FDG-PET and FDG-PET/CT are not without limitations. Stand-alone PET lacks spatial resolution and anatomic correlation, but this is alleviated by the hybrid PET/CT technology. Furthermore, FDG is a nonspecific tracer. This is especially challenging in the overall differentiating between the main clinical indications, malignancies and inflammatory conditions, but also within these disease entities, there may be issues caused by the nonspecific changes in uptake following instrumentation, surgery, chemotherapy, and radiotherapy. However, there are also intrinsic factors affecting the specificity. First, GLUT transporters are ubiquitous, and physiologic uptake may be present in many organs or tissues using glucose, and thus, there are many potential sites of nonspecific physiologic FDG uptake, most notably muscles, brain, and heart. FDG is excreted through urine, which may hamper the assessment of the urinary tract. FDG is also excreted to the bowel, and furthermore, the normal bacterial flora uses glucose to some extent, which may give rise to both focal and diffuse uptake in the bowel. Some advocate catheter a demeure and bowel cleansing, but there is no consensus on the routine use. Finally, FDG competes with glucose and thus the net FDG uptake in pathologic processes depends on blood glucose levels .
With this in mind, some basic considerations in patient preparation before FDG injection should be considered. Skeletal muscle is by far the largest organ structure and accounts for the majority of glucose metabolism in healthy human beings. Therefore, it also has the largest FDG uptake capacity . The degree of physiologic FDG uptake should therefore be decreased as much as possible to minimize any detrimental effect on target-to-background contrast, which may hamper the detection of pathologically FDG-avid lesions. This is accomplished by fasting for at least 4–6 hours before FDG injection, avoiding exercise, and resting during the uptake period .
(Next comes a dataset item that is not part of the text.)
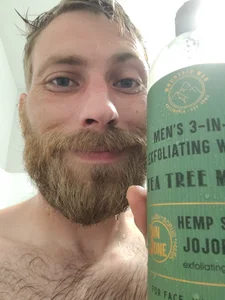 jacobiismyname Public Immagine  3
The plasma glucose level in patients should also be normal before the administration of FDG. Skeletal muscles mostly take up FDG by insulin stimulation of GLUT, and euglycemic hyperinsulinemia has been shown experimentally to cause increased FDG uptake in muscles with no effect on malignant cells . Despite sufficient fasting, chronic hyperglycemia (>200 mg/dL [∼11 mmol/L]) is not uncommon as it occurs often in patients with type 2 diabetes. However, this has been shown to have minimal effects on the diagnostic performance of FDG-PET with no correlation between FDG muscle uptake and plasma glucose level . Therefore, if scans cannot be rescheduled, hyperglycemia is preferable to hyperinsulinemia, and administering insulin before FDG injection should be avoided. Of course, these caveats become even more important if FDG is to be used for assessing the musculoskeletal system, for example, evaluation of potential skeletal metastases.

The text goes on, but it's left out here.